January 13

On Saturday, 13 January 2024 at 06:27:51 UTC, Walter Bright wrote:

>

Escaping % is not hard to do. It's ordinary.

I don't see people arguing that escaping is difficult to do. It's not. What is difficult is remembering to do it perfectly, every time, and accidentally building a silent injection attack when you (inevitably) fail. Especially since the attack vector is not detectable to linting tools. All systems with a special format-specifier are unsafe for use with SQL. Period.

Think of it this way: You have the option to install a fail-safe critical system in your jet, and everybody is telling you do it, but you're saying "Nah fam, it'll be fine. The odds are so low that a human will screw up this one manual step and this design will burn 0.1% less fuel and costs 10% less." coughMCAScough.

Actually, MCAS is a pretty fair analogy here. The system mostly works as designed, except for the one button that if you don't push it when things go bad, brings down two airframes. That's how big a deal SQL injections are.

Don't be 2010's Boeing, be 1970s Boeing.
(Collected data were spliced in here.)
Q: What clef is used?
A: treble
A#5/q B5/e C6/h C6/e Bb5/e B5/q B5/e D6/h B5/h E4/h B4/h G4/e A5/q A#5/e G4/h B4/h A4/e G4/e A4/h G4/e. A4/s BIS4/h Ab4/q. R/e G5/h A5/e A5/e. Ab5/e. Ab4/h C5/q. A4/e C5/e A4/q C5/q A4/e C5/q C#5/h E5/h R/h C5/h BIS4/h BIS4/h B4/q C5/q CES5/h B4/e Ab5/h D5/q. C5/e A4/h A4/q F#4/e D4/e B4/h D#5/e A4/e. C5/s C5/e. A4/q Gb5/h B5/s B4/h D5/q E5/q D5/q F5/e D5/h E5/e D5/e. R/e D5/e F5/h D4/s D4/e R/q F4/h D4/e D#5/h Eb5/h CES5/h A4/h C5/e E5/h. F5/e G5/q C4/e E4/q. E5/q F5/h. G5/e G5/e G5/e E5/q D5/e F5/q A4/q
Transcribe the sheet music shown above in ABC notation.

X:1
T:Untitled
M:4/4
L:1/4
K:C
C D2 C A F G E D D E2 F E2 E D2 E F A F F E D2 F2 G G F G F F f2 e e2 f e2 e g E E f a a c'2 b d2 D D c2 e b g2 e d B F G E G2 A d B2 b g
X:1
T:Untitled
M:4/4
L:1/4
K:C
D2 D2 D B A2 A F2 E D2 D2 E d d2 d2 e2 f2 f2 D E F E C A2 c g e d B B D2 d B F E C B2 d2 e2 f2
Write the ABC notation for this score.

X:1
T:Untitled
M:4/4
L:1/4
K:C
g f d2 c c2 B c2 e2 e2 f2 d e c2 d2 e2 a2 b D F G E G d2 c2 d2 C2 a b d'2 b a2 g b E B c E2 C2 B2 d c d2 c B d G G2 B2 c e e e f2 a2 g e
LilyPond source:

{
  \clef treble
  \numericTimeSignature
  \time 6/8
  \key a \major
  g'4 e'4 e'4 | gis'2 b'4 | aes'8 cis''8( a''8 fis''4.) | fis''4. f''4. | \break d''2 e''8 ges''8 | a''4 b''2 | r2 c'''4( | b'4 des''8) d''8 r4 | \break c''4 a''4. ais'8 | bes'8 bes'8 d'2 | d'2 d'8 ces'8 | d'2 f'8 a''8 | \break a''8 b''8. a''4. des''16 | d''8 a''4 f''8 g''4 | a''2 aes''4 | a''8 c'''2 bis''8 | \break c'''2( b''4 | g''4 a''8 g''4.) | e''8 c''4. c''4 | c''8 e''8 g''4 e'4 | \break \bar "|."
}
Please build an indestructible 757.

Note that Java considered and rejected your premise in their version of this feature, with their reasoning laid out in the spec-document.

January 13

On Saturday, 13 January 2024 at 07:03:14 UTC, Adam Wilson wrote:

>

Note that Java considered and rejected your premise in their version of this feature, with their reasoning laid out in the spec-document.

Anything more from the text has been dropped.